Hejka!
Zanim zaczniemy, szybkie wprowadzenie.
Ff będzie o dziewczynie Christinie McWilliams. Ma ona 16 lat i jest na 6 roku nauki w Hogwarcie. Jest czystokrwistą czarownicą ze Slytherinu. Jest uprzejma, sprytna, ambitna, przebiegła lojalna i zawzięta. O cechach myślę, że to na razie tyle. Reszta wyjdzie na jaw w trakcie. Z wyglądu, ma ona ciemno brązowe krótkie włosy do ramion ,szczupłą sylwetkę , jest dosyć wysoka, ma „pełne" usta , ciemne brwi, długie rzęsy, dosyć widoczne kości policzkowe. W większości ubiera się w krótkie spódniczki, kabaretki i koszule.
Będzie to napisane w pierwszej osobie np. przestałam itp.
Now, without further avenue, I present to you...
C H A P T E R I
Było około godziny 23, a ja wyruszałam na spacer po Hogwarcie i błoniach. Chodzę na nie codziennie od roku. Zawsze chodzę sama. To taka jakby tradycja. Od jakiegoś czasu moja przyjaciółka - Astoria Greengrass, domyśliła się jak spędzam wieczory i błaga żeby mogła chodzić ze mną. Wiem, że się o mnie martwi ale nie ma takiej potrzeby.
Od jakiegoś czasu, za każdym razem gdy przechodzę obok gabinetu Snape'a słyszę podniesione głosy. Niestety nie poznaje głosu osoby z którą rozmawia. Wiem jednak, że za każdym razem jest to ta sama osoba. Kilka razy starałam się usłyszeć o czym rozmawiają ale głosy były bardzo niewyraźne i stłumione.
Gdy pewnego razu wróciłam do dormitorium około pierwszej z mojego „obchodu" zauważyłam Astorię , która siedziała przy oknie i patrzyła w gwiazdy.
-Księżniczki już dawno śpią o tej godzinie-powiedziałam żartem.
-Nie uwierzysz co się stało!-od razu podbiegła do mnie mówiąc to.
-Co się stało?-zapytałam odsuwając się lekko od niej.
-Draco! To się stało! Gadałam z nim!-mówiąc to podskoczyła z ekscytacji.
Draco Malfoy był uważany za najwspanialszego, najprzystojniejszego i idealnego mężczyznę. Większość dziewczyn się na niego rzucała, między innymi Astoria. Niestety większość tych dziewczyn nie wiedziała, że zagaduje on do dziewczyn żeby je "zaliczyć" a potem zostawia. Niektóre dziewczyny takie jak Pansy Parkinson dobrze o tym wiedzą ale nic z tym nie robią, twierdząc, że jest to jeszcze bardziej podniecające.
Nienawidziłam go za to. Był on rasistowski, często używał body shamingu, żeby dziewczyny się od niego odczepiły. Najgorsze w tym wszystkim jest to, że przez te wakacje stał się bardzo tajemniczy, przez co dziewczyny które wykorzystał, takie jak Astoria, przebaczyły mu jego "podłości" i zaczęły się rzucać na niego na nowo. Starałam się kilka razy porozmawiać z moją przyjaciółką, ale kończyło się na tym, że się obrażała i nie odzywała do mnie przez tydzień. Po kilku próbach poddałam się, i olałam ją. Wiem, że to trochę chamskie, ale jeśli nie chce pomocy to nie zmuszę jej do jej przyjęcia.

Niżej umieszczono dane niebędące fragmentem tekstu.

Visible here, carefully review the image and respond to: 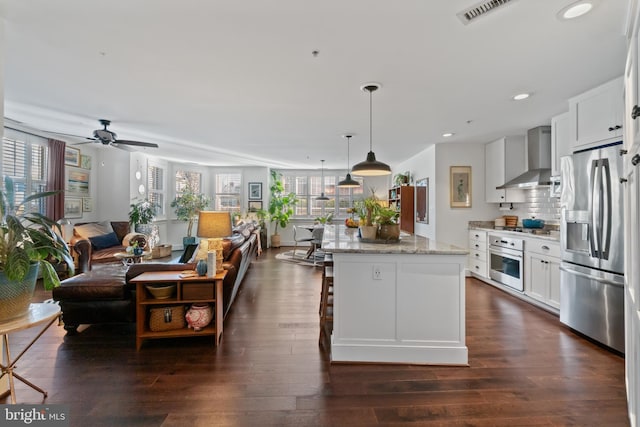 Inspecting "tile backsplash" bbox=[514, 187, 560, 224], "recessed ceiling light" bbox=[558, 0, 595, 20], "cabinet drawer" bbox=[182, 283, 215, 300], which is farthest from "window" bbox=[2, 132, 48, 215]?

-I co?-zapytałam łapiąc ją za ramię ,aby ją uspokoić.
-Siedziałam w pokoju wspólnym i usiadł koło mnie! Po czym powiedział coś w stylu „Jak się masz?" myślałam, że umrę!-dalej nie mogła spokojnie ustać i chodziła po pokoju.
-I co odpowiedziałaś?- zapytałam z lekkim poirytowaniem siadając na łóżku.
-Że dobrze chyba... jezu zrobiłam z siebie idiotkę!-odpowiedziała siadając na łóżku dając ręce na twarz.
Przewróciłam oczami i objęłam ją ramieniem.-No to do siebie pasujecie- powiedziałam
-Przestań! On jest cudowny! Kocham go!-energicznie poderwała się z miejsca.